こんな時間に、誰だろう。……警備員さんかな?
「はい?」
と、ベッドの上に上体を起こした。
そしたら、
「良かった。間に合いましたね」
ドアを開けて部屋に入ってきたのは、……ススキノ君だった。
オレは反射的に、シーツを両手でタグリ寄せて、マッパダカの上半身に巻きつけた。
いやいやいや、……『除霊』と称してゴーインにキスしてきて、あまつさえ舌まで突っ込んできた前科のあるヤツに、いきなり寝室に訪問されたら。
こんくらいの自己防衛は当然だ。
だんじて自意識過剰なんかではない!
いかんせん、当のススキノ君は相変わらず、ミント味のガムの爽快感をホーフツとするスッキリした笑顔をフリ巻きながら、サッサと靴を脱いで六畳間に上がりこんできた。
「な、なんか用?」
オレは、モノトーンの制服の似合うスラリとした長身を見上げて、……すこぶる警戒しながら……聞いた。

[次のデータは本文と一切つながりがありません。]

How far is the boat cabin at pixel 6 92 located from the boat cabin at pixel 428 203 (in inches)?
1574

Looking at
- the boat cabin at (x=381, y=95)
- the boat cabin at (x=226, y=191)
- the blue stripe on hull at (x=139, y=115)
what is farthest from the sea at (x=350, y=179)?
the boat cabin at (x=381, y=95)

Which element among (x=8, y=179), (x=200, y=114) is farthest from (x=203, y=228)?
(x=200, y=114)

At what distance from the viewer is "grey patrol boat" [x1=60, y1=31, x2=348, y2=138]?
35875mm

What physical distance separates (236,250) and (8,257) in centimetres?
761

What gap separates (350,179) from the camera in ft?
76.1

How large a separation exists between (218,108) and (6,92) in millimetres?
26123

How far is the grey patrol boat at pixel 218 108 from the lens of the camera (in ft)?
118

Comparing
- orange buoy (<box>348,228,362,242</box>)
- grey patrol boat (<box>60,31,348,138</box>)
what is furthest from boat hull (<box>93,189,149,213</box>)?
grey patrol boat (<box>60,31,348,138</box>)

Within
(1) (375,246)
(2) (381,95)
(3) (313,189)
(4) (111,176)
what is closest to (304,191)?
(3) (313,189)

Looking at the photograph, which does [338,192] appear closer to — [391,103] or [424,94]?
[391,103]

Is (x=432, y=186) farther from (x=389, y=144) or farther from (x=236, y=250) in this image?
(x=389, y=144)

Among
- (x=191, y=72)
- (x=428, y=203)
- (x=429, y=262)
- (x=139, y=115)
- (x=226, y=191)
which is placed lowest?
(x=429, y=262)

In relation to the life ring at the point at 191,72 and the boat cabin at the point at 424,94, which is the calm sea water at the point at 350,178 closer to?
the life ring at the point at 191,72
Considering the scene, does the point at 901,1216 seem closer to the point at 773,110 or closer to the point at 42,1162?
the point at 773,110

ススキノ君は、シャープな白皙に不意にイタズラっぽいウインクを見せて、
「イケナいことをしちゃおうかな、……と思いまして。今井さんと2人で」
と、タタミの上にアグラをかいて腰をおろすなり、後ろ手に隠し持っていたワインボトルとグラス2つをチャブ台の上に置いた。

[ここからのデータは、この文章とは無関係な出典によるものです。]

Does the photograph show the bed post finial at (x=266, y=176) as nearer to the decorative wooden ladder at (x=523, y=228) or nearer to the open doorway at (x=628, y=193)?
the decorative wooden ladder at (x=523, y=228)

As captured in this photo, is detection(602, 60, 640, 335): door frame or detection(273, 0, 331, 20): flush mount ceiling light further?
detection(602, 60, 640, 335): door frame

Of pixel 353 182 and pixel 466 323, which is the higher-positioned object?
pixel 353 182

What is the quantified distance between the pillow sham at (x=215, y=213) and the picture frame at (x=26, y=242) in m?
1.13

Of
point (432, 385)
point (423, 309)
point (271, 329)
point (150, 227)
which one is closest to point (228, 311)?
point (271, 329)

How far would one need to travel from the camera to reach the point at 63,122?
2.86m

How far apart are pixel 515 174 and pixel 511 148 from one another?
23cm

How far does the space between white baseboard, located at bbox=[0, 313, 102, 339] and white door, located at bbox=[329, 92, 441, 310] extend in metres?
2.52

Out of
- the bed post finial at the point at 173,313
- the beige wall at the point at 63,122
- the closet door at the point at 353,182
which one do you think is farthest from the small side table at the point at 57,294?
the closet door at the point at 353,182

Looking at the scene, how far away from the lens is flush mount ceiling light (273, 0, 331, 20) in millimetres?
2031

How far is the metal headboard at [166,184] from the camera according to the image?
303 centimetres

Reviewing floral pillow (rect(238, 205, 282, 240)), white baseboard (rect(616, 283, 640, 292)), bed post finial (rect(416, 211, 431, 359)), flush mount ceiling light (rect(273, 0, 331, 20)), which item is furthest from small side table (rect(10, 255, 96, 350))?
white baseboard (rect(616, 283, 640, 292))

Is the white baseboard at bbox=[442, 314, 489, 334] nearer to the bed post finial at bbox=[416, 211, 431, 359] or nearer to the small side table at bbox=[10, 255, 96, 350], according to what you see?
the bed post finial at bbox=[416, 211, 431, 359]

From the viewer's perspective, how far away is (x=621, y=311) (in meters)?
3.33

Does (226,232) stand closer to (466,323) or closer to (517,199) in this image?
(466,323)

カマーベストのポケットからソムリエナイフを出すと、チャブ台に立てたボトルのキャップシールに切れ目を入れて、片手だけでスルリと剥がす。
それから、スクリューをコルクに刺して回し、音もなくスマートに栓を引き抜く。
一連の慣れた仕種は、まるで定められた何かの儀式みたいに整然としてて。
なんつーか、"優雅"ってぇの?
ノリの効いた白いシャツのソデから伸びる端正な手に、不覚にもボーッと見惚れてしまう……
いや。どーかしてんな、オレ。
そうとう疲れタマってんのよ、やっぱ……
「バンケットのマネージャーがくれたんです、今年の初物……」
そう言いながら、ススキノ君は、グラスにワインを注いだ。
格好のいい白い手が、クリアーな赤い液体を満たした華奢なグラスをオレに差し出す。
オレは、その鮮烈な赤色に引き込まれるように、大人しく手を伸ばして、グラスを受け取った。
「"解禁日破り"に、……乾杯」
と、グラスを掲げるススキノ君の満面の笑顔には、うっすら汗がにじんでた。
午前0時前に間に合うように、着替えもせずに急いで駆けつけて来たんだな、きっと……
って。シンデレラじゃないんだからさぁ。
「乾杯!」
自然とゆるんでしまいそうになる頬肉をごまかすために、オレは、素直にグラスを掲げ返して、ゴクゴクとあおった。
さっきから、ヤケにノドが乾いてたまらないから。
解禁日直前の初々しい新酒をジックリ味わう余裕もなかったけど。
ささやかな掟破りのコーフンは、心地よく全身を酔わせてくれる。
ああ、……たまには、思い切ってルールを破るのも悪くねぇな。
「青くさいウブなワインでも、『背徳』のフレーバーを加えてやるだけで、危うい官能を味わわせてくれるものでしょ?」
なんて。いつもならトリハダもののサムいセリフも、今だけは、ひどく心地いいBGMに聞こえたりして。
ヒトクチでもう真っ赤に染まってしまった顔も、お互い、ウブなワインのせいにしてしまおう。